The Middlesteins: A Novel
by Jami Attenberg
If you’ve followed this blog for any length of time, you’ve probably noticed that I’ve had The Middlesteins in the sidebar under “Currently Listening To” forever. Or at least for several months. It’s true that it took me a looooooong time to get through this novel – mainly because, while listening to audiobooks can, theoretically, make “reading” possible virtually anywhere, but especially on the go, the truth is that I don’t really go enough places which would allow for ample opportunity to listen to anything on my iPod for more than five or ten minutes at a time. My plan at the beginning of the year was to start listening to books when I’m nursing the baby – after all, it seems that I spend half my waking hours in that rocking chair. But in reality, it’s hard to listen to a book when you have a grabby baby who keeps yanking your earbuds out. So, I was determined to get back into walking at least a few times a week – exercise and time to listen to books, right? Well, then I broke my toe a few weeks ago and that plan was foiled, or at least put off. So I listened to The Middlesteins in fits and starts and it took me approximately four months to get through.
My toe is healed now, in case you’re worried, so this morning I walked for the first time in a long time, and I got through three chapters of my next audio book.

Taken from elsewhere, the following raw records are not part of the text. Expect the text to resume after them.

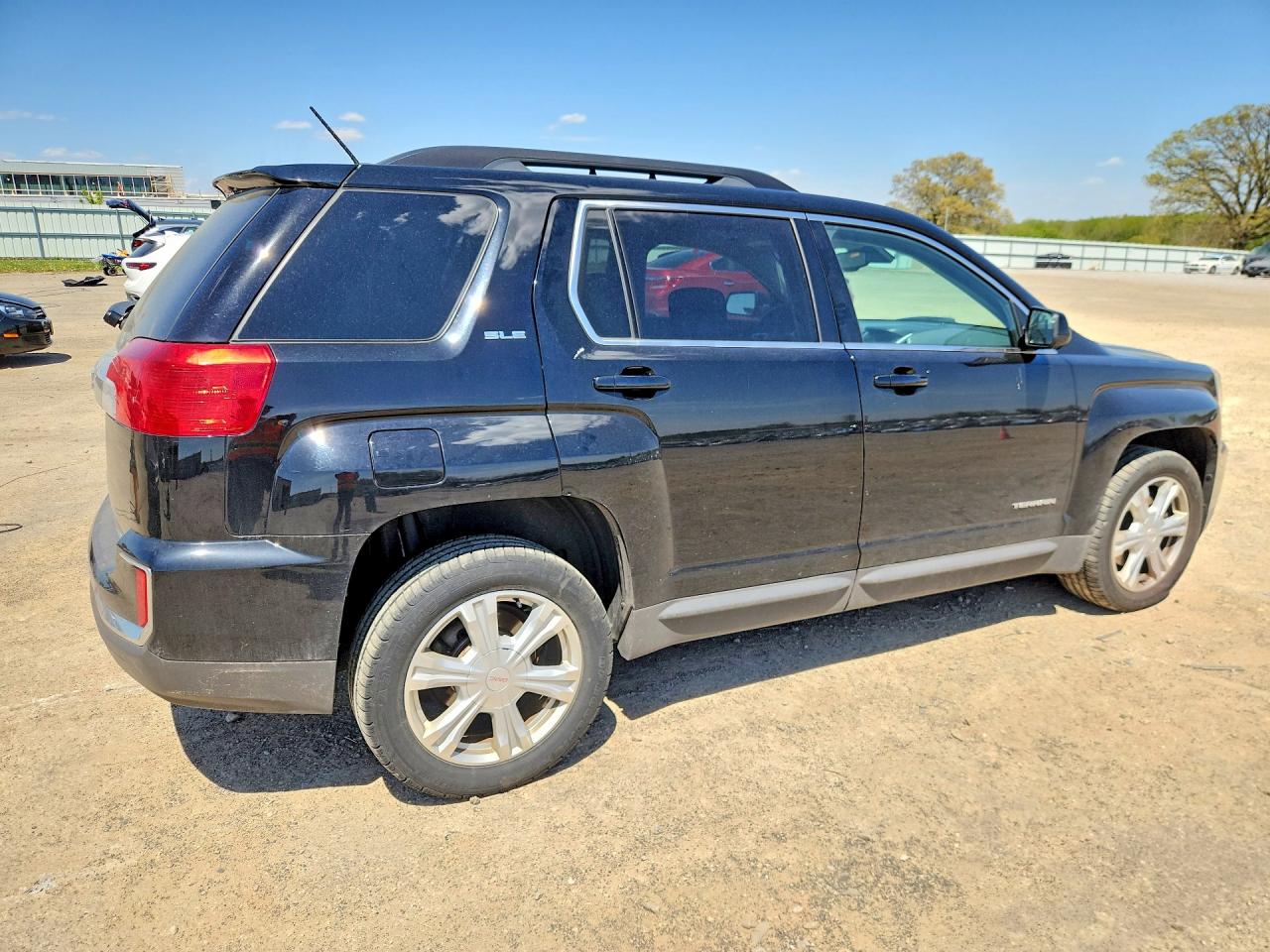 GMC Terrain Sle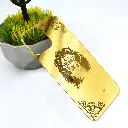 Golden Plated Back Sheet for iPhone 12 Pro Max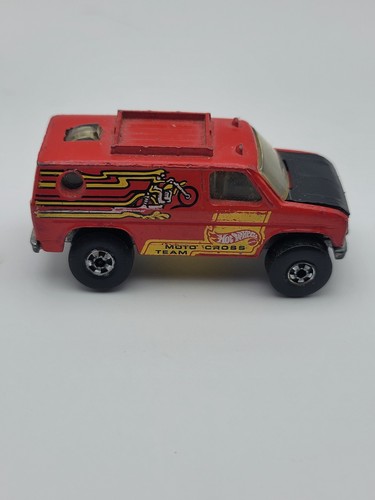 Hot wheels 1977 moto - hot,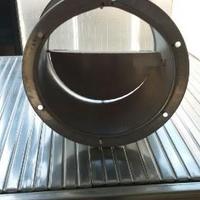 Serranda a gravità x ventilatore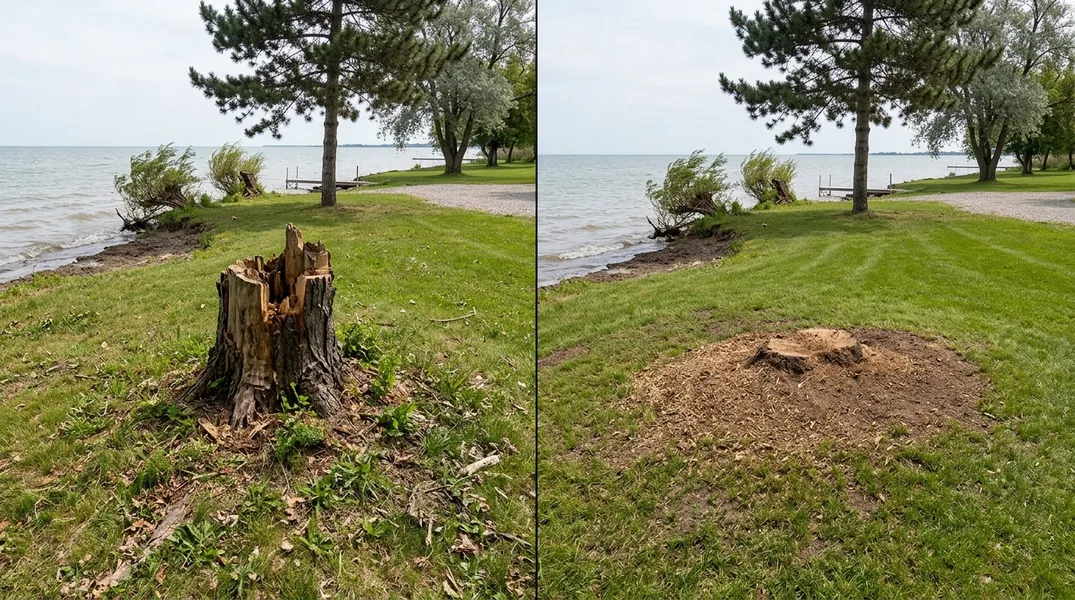 Tree Trimming result in Windsor — Rose City Tree Trimming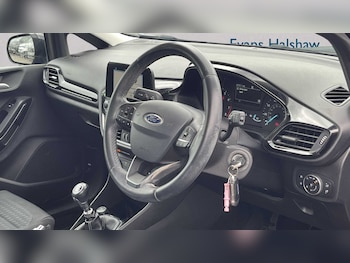 Used Ford Fiesta 2018 for sale - 75639176: Photo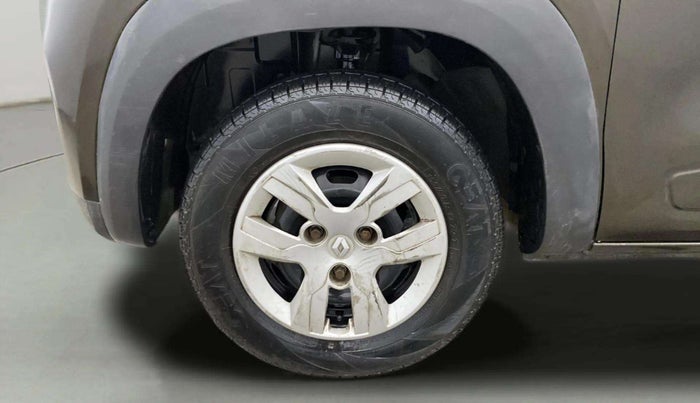 2016 Renault Kwid RXT 0.8, Petrol, Manual, 48,063 km, Left Front Wheel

Yay!
But back the The Middlesteins.
First let me say that the audio version is read by Molly Ringwald – yes, that Molly Ringwald – of Brat Pack, The Breakfast Club and Pretty in Pink fame. I have found that the reader of an audio book can make or break the experience; Molly Ringwald does a fabulous job with this book, switching voices of the characters, adopting subtle accents – really great.
The Middlesteins is a portrait of a Jewish family in contemporary Chicago. At the heart of the story is Edie, age 60ish, morbidly obese, and killing herself with food. The story opens with a five-year old Edie, already big for her age, and her parents expressing their love for her with food. As the story progresses, Edie gets bigger and bigger, eating herself diabetic to the point of requiring stents in both legs and with a bypass on the horizon – and still she can’t (or won’t) stop eating. Her husband of nearly forty years, suffocating under the weight of Edie’s addiction, ups and leaves her, shocking the entire family. What kind of man leaves his sick wife like that? Lines are drawn in the sand, and everyone takes a side – mostly Edie’s side, since she’s clearly unwell. Edie’s two grown children, her grandchildren, and her daughter-in-law all rally around Edie, determined to get her well. Of course there is a sad futility to their noble determination.
Meanwhile, Richard Middlestein has a new, if tentative, lease on life, and enters the mature dating scene, hooking up with a hooker, a divorcee, and finally falling in love with a British widow. Of course he harbors guilt for leaving Edie, but what was he supposed to do – watch her kill herself and die right along with her? Nobody seems to understand – they all just see him as heartless and selfish, the asshole who left Edie in her time of need.
The characters are complex, and the chapters are told from varying points of view: from Edie herself, who maintains grit and an optimism about life despite her despairing physical condition; Richard Middlestein, Edie’s estranged husband; Robin, the prickly daughter full of pain; Benny, the worried son; Rachelle, the take-control daughter-in-law; the spoiled twins whose b’nai mitzvah is the centerpiece of the novel; and even the elderly Chinese restaurant owner who falls for Edie.
The Middlesteins takes a hard look at the forces that drive people – especially to self-destruction – with humor and compassion, while showing the complex relationships between family members, and what loyalty means.
I did really enjoy this story, and I’m sure would have enjoyed it more had I stuck with it more consistently.